Principal Distributed System Software Engineer (Apache Spark) - Databricks

Principal Distributed System Software Engineer (Apache Spark)

NVIDIA is seeking experienced Principal Distributed System Software Engineer to accelerate Apache Spark and related frameworks for data science.

Data scientists spend a considerable amount of time exploring data, iterating over machine learning (ML) experiments. Every hour of compute required to sort through datasets, extract features, fit ML algorithms, hinders the ability of data scientists to drive towards results. Apache Spark is the most popular data processing engine in data centers for data science. It is used for interactive data science, from data preparation, to running ML experiments, and all the way to deployment of ML applications.

In this role, you will have the opportunity to collaborate with the open source community to accelerate Apache Spark with GPU for data science.
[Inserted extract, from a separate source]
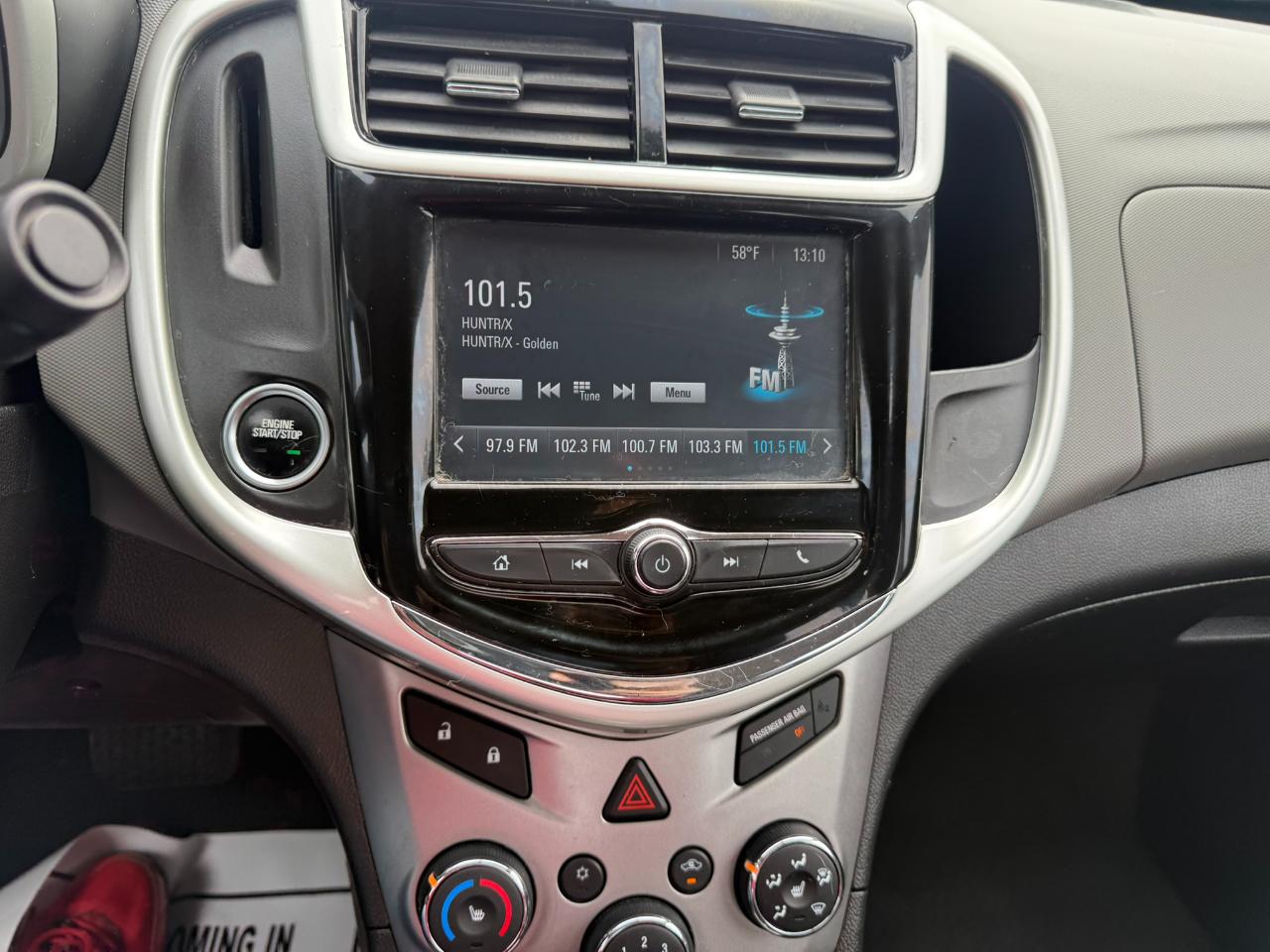 Chevrolet Sonic 4dr Sdn Auto Premier 2017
NVIDIA believes that data science workflows can benefit tremendously from being accelerated, to enable data scientists to explore many more and larger datasets to drive towards their business goals, faster, and more reliably.

What you’ll be doing:

  • Building a collection of GPU accelerated libraries for ML and data analytics
  • Crafting and implement solutions to enhance Apache Spark for GPU aware scheduling, distributed ML execution and beyond
  • Engaging open source communities, including Apache Spark and RAPIDS, for technical discussion and contribution
  • Working with NVIDIA strategic partners on deploying advanced machine learning and data analytics solutions in public cloud or on-premise clusters
  • Presenting technical solutions in industry conferences and meetups

What we need to see:

  • You have a BS, MS, or PhD in Computer Science, Computer Engineering, or closely related field
  • 12+ years of work or research experience in software development
  • 6+ years of hands on experience with key open source big-data projects as a contributor or committer including Apache Spark, Apache Hadoop, Apache Flink, Apache Kafka, Apache Storm and Apache Hive
  • Exceptional technical skills in designing and implementing high-quality distributed systems
  • Excellent programming skills in C++, Java, Scala and/or Python
  • Solid knowledge about distributed system scheduler: Kubernetes, Hadoop YARN, Spark standalone, and/or Mesos
  • Able to work successfully with multi-functional teams across organizational boundaries and geographies
  • Highly motivated with strong communication skills

Ways to stand out from the crowd:

  • Committer-ship at major open source big-data projects (such as Apache Spark, Apache Hadoop, Apache Flink, Apache Kafka) would be a hug plus
  • Working experience with GPU-accelerated libraries (CUDA, cuBLAS, cuSparse, NCCL, nvGraph) is very helpful
  • Basic ML/DL training and/or experience with Spark ML and XGBoost would be valuable

With highly competitive salaries and a comprehensive benefits package, NVIDIA is widely considered to be one of the technology world’s most desirable employers. We have some of the most forward-thinking and talented people in the world working for us. Are you creative and autonomous? Do you love a challenge? If so, we want to hear from you.

NVIDIA is committed to fostering a diverse work environment and proud to be an equal opportunity employer. As we highly value diversity in our current and future employees, we do not discriminate (including in our hiring and promotion practices) on the basis of race, religion, color, national origin, gender, gender expression , sexual orientation, age, marital status, veteran status, disability status or any other characteristic protected by law.